## Exercise details
Using the listing below, copy exactly the lines from the one containing "New Canaan 15 in. Wall Sconce Gold finish" to the one containing "Trabajadores del PAMI", both lines included, and no others.

## Material supplied
- Opening Delimiter -

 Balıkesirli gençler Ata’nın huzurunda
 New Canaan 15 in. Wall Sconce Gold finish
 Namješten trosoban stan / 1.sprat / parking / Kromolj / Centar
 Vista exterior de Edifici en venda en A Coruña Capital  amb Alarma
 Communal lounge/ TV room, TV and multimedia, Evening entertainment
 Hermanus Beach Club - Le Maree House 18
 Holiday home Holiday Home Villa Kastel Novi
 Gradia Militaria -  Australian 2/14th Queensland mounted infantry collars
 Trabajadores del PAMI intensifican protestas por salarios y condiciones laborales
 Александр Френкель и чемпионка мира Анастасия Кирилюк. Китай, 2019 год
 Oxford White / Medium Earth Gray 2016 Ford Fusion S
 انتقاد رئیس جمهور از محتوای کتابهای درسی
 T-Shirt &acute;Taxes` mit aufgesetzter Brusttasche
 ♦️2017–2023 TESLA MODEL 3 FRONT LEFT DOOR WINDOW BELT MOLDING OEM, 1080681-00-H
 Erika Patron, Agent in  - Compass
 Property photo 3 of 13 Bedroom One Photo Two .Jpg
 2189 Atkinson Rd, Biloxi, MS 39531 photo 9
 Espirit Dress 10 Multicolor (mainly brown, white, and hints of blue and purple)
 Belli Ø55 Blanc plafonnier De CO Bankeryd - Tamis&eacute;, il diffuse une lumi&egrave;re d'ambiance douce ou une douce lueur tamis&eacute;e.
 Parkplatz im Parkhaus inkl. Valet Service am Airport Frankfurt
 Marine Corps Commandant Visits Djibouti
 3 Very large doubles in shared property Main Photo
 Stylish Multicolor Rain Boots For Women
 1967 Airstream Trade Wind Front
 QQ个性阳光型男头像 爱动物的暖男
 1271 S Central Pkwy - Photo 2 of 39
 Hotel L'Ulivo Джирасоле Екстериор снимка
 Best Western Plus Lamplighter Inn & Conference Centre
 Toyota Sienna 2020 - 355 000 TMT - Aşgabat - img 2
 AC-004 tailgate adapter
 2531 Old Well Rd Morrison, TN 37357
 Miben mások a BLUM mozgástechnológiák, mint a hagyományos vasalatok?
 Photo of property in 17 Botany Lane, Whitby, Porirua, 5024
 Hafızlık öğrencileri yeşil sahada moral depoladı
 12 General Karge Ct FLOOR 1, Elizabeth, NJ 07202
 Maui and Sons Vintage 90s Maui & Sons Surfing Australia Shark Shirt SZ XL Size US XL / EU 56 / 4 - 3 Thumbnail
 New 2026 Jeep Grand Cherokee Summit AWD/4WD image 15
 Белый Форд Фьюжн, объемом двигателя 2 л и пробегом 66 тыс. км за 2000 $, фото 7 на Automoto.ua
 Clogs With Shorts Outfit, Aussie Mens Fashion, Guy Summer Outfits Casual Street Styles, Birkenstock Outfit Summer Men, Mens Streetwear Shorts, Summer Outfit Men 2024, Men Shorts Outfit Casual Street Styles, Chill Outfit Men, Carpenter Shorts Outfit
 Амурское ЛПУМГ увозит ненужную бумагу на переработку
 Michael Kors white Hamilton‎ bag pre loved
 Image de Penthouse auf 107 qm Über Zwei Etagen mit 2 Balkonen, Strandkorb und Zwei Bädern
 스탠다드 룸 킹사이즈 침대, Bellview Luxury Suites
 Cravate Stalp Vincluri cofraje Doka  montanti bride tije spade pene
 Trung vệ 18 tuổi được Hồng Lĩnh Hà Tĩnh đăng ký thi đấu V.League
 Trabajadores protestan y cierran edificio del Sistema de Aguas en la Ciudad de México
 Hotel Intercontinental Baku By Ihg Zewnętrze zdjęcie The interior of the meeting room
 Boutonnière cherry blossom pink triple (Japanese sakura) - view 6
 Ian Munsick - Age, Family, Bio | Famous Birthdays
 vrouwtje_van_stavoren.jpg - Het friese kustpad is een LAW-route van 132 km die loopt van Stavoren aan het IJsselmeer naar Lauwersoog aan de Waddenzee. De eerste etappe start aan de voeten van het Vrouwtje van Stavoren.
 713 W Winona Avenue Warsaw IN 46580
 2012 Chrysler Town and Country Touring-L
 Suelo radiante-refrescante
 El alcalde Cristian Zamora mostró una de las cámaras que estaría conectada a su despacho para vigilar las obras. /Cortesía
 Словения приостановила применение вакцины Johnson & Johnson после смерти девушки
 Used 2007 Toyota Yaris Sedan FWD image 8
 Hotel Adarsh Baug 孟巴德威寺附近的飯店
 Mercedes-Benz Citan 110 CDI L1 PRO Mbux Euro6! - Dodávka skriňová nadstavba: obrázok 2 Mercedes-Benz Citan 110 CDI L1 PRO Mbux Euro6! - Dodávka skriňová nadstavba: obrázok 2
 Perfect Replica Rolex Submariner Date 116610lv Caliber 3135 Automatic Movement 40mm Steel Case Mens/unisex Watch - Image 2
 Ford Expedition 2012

- Closing Delimiter -

## Answer area
 New Canaan 15 in. Wall Sconce Gold finish
 Namješten trosoban stan / 1.sprat / parking / Kromolj / Centar
 Vista exterior de Edifici en venda en A Coruña Capital  amb Alarma
 Communal lounge/ TV room, TV and multimedia, Evening entertainment
 Hermanus Beach Club - Le Maree House 18
 Holiday home Holiday Home Villa Kastel Novi
 Gradia Militaria -  Australian 2/14th Queensland mounted infantry collars
 Trabajadores del PAMI intensifican protestas por salarios y condiciones laborales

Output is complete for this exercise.